As part of the jigsaw, the reader should also be aware there is a further report (published earlier this year) covering the options for reform of the valuation regime in order to reduce enfranchisement premiums for leaseholders. 

Law Commission Report: Options to reduce the price payable, summary 

Right to Manage (RTM)

RTM is almost a cheaper version of enfranchisement and allows tenants to take over certain obligations – repairs and maintenance primarily – to the exclusion of landlords. Incidentally, managing agents get a particularly rough ride in the papers, the Law Commission's faith in them as a concept seems close to zero!

Again, the Law Commission is consistent with the themes above. The recommendations propose to open the RTM rights wider with relaxed qualifying criteria (including leasehold houses, buildings with up to 50% commercial space, buildings with at least one residential tenant, and also multiple buildings on an estate), and aim to decrease cost and time associated with the process. 

The Law Commission also recommends permitting the amalgamation and division of existing RTM schemes.  

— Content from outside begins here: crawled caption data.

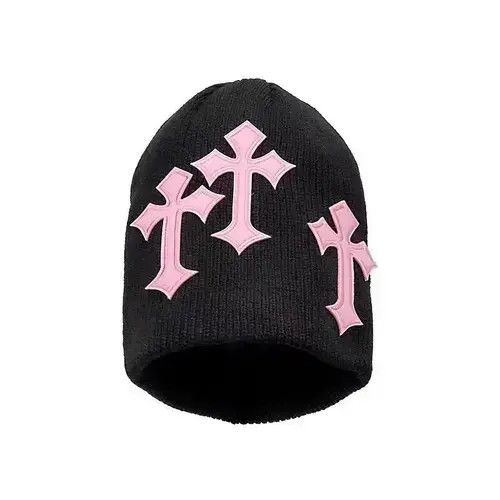 Other Black cross jacquard Y2K knitted hat Size ONE SIZE - 4 Thumbnail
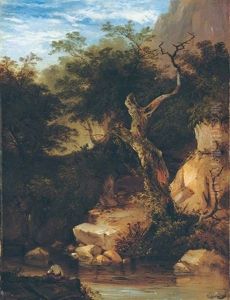 Rocky River Landscape With An Angler by John Berney Ladbrooke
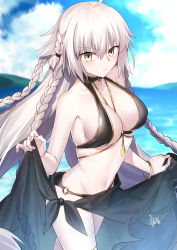 Rule 34 | 1girl, ahoge, bare shoulders, beach, bikini, black bikini, blue sky, blush, bracelet, braid, breasts, cleavage, closed mouth, collarbone, day, fate/grand order, fate (series), gogatsu fukuin, hair between eyes, heroic spirit chaldea park outfit, heroic spirit festival outfit, highres, jeanne d&#039;arc (fate), jeanne d&#039;arc alter (fate), jeanne d&#039;arc alter (festival outfit) (fate), jewelry, large breasts, long hair, looking at viewer, navel, necklace, official alternate costume, outdoors, pale skin, sarong, silver hair, sky, solo, swimsuit, thighs, very long hair, yellow eyes
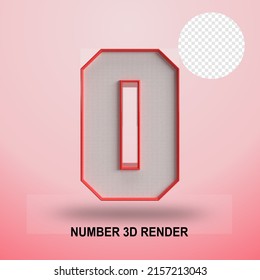 NÚMERO 3D DE RENDER LÍNEA ROJA Y TEXTURA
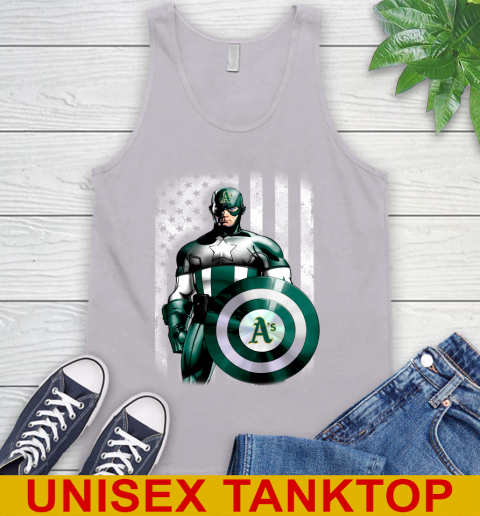 Oakland Athletics MLB Baseball Captain America Marvel Avengers American Flag Shirt Tank Top 3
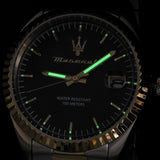 Maserati Competizione Black Dial Two Tone Steel Strap Watch for Men - R8853100042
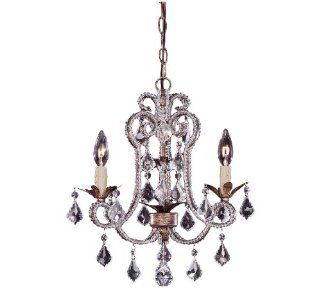 Aurora Lighting Burnished Gold Finished Mini Chandelier With Clear Crystals Shades    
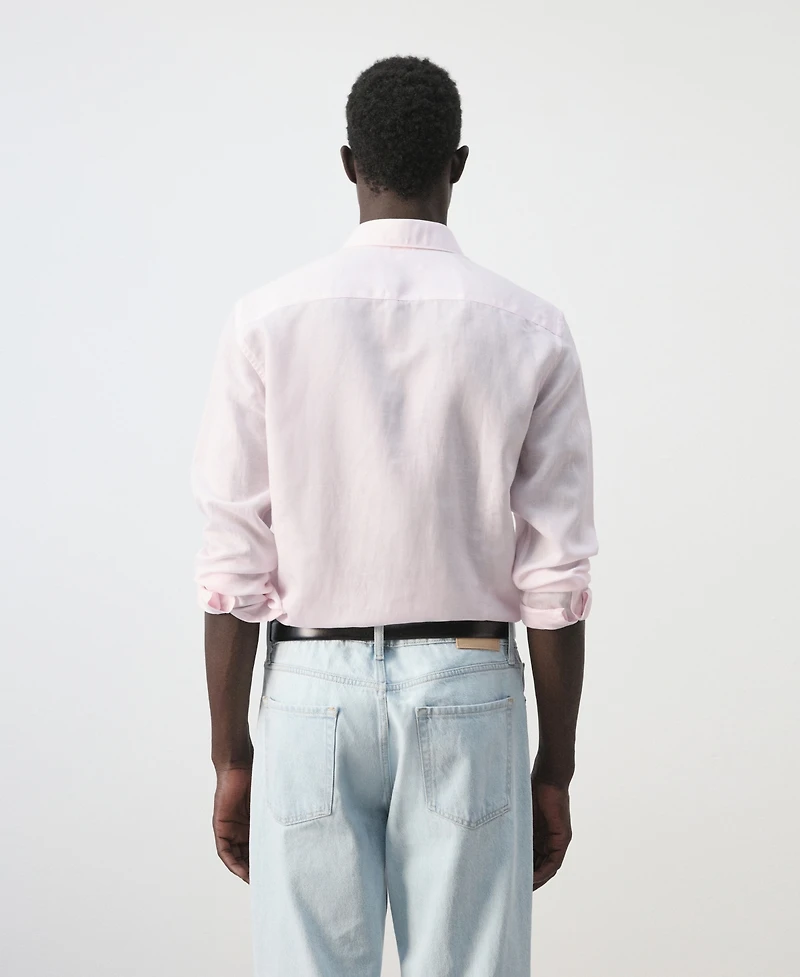 Mango Men's Regular Fit Linen Lyocell Shirt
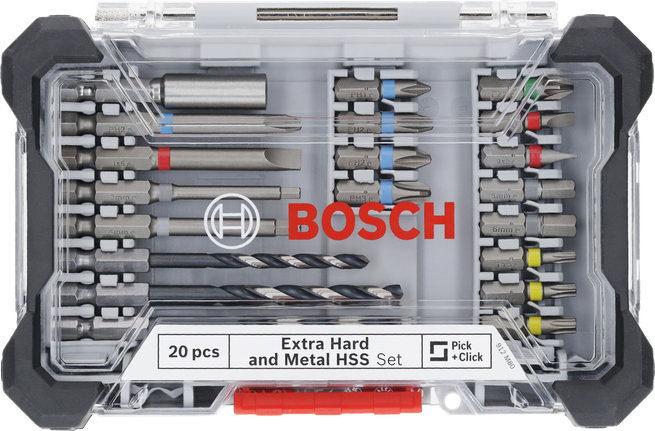 Bosch超硬螺絲起子和金屬 HSS 鑽頭組 20 件。.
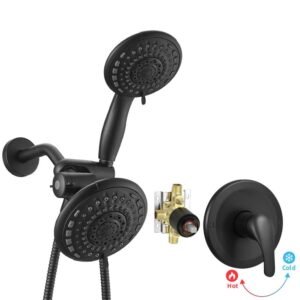 Single-Handle 6-Spray Dual Shower Faucet Set Trim Kit 1.8 GPM with Valve and Filtered Handheld Shower Head in. Black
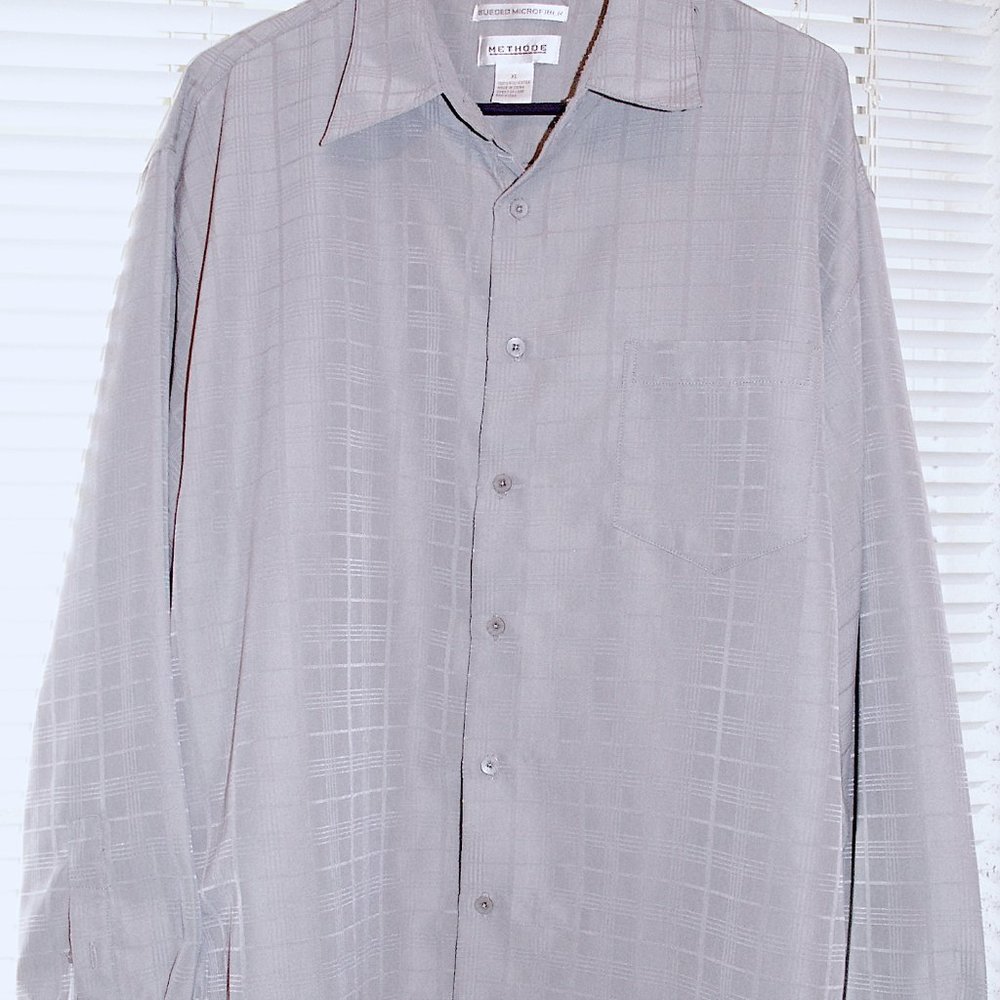 Men's Shirt METHODE Sz XL Silver Gray Faux Suede Button Front, Long Sleeve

Significantly, the previous obligation to pay landlord's costs is recommended to be removed. 
Business tenancies are excluded from the proposals, save where a lease permits both residential and non-residential use.

In addition the Law Commission also recommends a simplified notification process, clear rules for management of property, and the right to request information about the subject property. 

Law Commission Report: Right to manage, summary 

Commonhold

Set up in 2002 and used in various guises in other jurisdictions, Commonhold was supposed to be the tenure of choice for flats in particular. Since 2002 there have been a grand total of 20 commonhold schemes, so barely one a year. If you have advised on (or even seen one) you are likely to be in the minority!

Commonhold is an ownership structure allowing each owner to own the freehold of a flat, effectively, with management provided by a shared interest company. It is used in other common law jurisdictions, notably in Australia, Canada, and New Zealand and is generally known as strata title.

The Law Commission quotes Professor Nick Hopkins, Law Commissioner as follows: 
"Commonhold should not be looked at through the lens of leasehold. Commonhold involves a culture change. It moves away from an "us and them" mindset, towards "us and ourselves"."

Of course the very reason why Commonhold has not been adopted is the income stream and other benefits that leasehold provides to landlords.  The most intriguing question posed then is whether Commonhold should be enforced statutorily, the feeling being for as long as Commonhold is only an (unpopular) option, it's effectively a zombie tenure. 

The Law Commission's recommendations for Commonhold are, at the risk of repetition, as above for the other two strands, to make it easier, cheaper and more available and user-friendly with the aim of making it a viable alternative to leasehold ownership for widespread adoption in place of long residential leases. 

In particular the Law Commission recommends the abolition to the requirement from unanimity from leaseholders and others with an interest in the subject property, making it easier and cheaper to convert to commonhold, and also recommendations to enable commonhold schemes to be tailored to suit more complex (i.e. mixed use and shared ownership) developments as well as reforms to management and service charge structures.

The report addresses both new Commonholds and the conversion of existing leasehold properties to this tenure. A key and interesting point addressed, is funding and the Law Commission has written an open letter to the funding market, asking them to get involved and engage the concept.  Without full engagement and approval from lenders Commonhold will never truly get off the ground.

Law Commission Report: commonhold, summary

Law Commision Report: open letter to lenders on taking commonhold as security 

Conclusion

All these recommendations now need to be converted to law so the proof of the pudding will be in the legislating (event fees in retirement housing anyone….?). 

The writer is not convinced that this is the environment for the Government to set to daggers drawn a sector which is already heavily embattled on various fronts, but stranger things happen and on balance, a likely net vote winner!